Cannot highlight certain pdf documents

I find that there are certain pdf documents (academic journal publications) that I cannot highlight. DT3 just beeps and the highlight option is greyed out. If I re-download the pdfs from the journal website, I usually can highlight them, but not always. I have enough of these that I don’t want to have to redownload them all the time (they are all named and tagged already). I have not been able to figure out what it is about the pdfs that is causing them to not work. I can send a copy of a pdf that doesn’t highlight to Christian. Is there a property that might be getting changed that might affect highlighting? The problem persists when I restart DT3 and restart my computer. Only re-downloading a fresh copy seems to have an effect.

Thanks in advance.

I have the same issue. But don’t know what is in common for those PDFs cannot be highlighted.

Some PDF documents can’t be modified due to proprietary Skim annotations. Such annotations are only viewable and searchable. Others are marked as read-only (see navigation bar) as the PDFkit might corrupt the text layer after editing.

Do the PDFs contain non-Latin characters, like Asian languages?

No, they don’t

I don’t think they are read-only as they can be highlighted in PDF Expert. Just cannot be highlighted using Devonthink’s build-in viewer.

PDF Expert doesn’t use Apple’s PDFKit.

I have recently moved to highlighting in DT3 after using skim for many years, so I have many hundreds of pdfs with skim markings. Is there any solution for this, or workaround, that you know of, or do I just need to redownload all of those files if I want to truly make the switch to working only in DT3? Would it be possible to write any kind of script to make the pdfs compatible? What if I was willing to lose the skim markings (or store a copy of them somewhere else), but didn’t want to re-download all of the files? Could I just delete the .skim files?

Thanks

DEVONthink supports Skim annotations stored in .pdfd files and stored in .pdf files via extended attributes. In this case the documents are opened read-only though. Converting them to a new PDF (see Data > Convert) should create editable documents.

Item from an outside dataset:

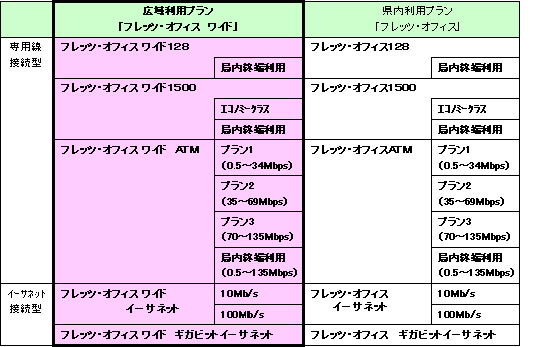 1.提供メニュー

AFAIK This has nothing to do with skim. I do know that DEVONthink uses pdfkit in a way that can scramble the text layer of some pdfs, (in my case these are notably ones that have been created by conversion in Calibre). I guess DT’s answer to the problem has been to turn off PDF annotation within DT for those PDFs. Better than ruining the pdf’s I suppose, but hardly satisfying, given that even Preview can handle these documents properly. It may be fair to blame PDFKit, but that doesn’t explain why DEVONthink seems to be the only reader that causes this scrambling.
I for one would like a fuller explanation.
Thanks,
Eiron

I am also seeing similar behavior, where the some PDF documents can be highlighted in Apple Preview, but the corresponding highlight controls are disabled in DEVONthink 3 for the same file.

It seems to depend on the specific PDF file, as there are files which I can highlight in DT3. Not sure what is going on (no asian characters in the impacted files either).

I am not using any 3rd party apps for the annotations (e.g., Skim or PDFExpert).

This is on DEVONthink 3.8 (latest) and Big Sur 11.6 (M1 Macbook Pro, if it matters).

1 Like

This might be the issue (for me, at least): the impacted files are encrypted (PDF eBooks).

However, Preview still allows me to annotate and highlight the content on these. See the screenshot from Preview with the Inspector open, and a sample highlighted phrase:

The highlighted entries do show up in the DT3 annotations pane:

Screen Shot 2021-10-17 at 8.51.28 PM

For me, at any rate, the source files are definitely not encrypted, so no explanation there, I’m afraid.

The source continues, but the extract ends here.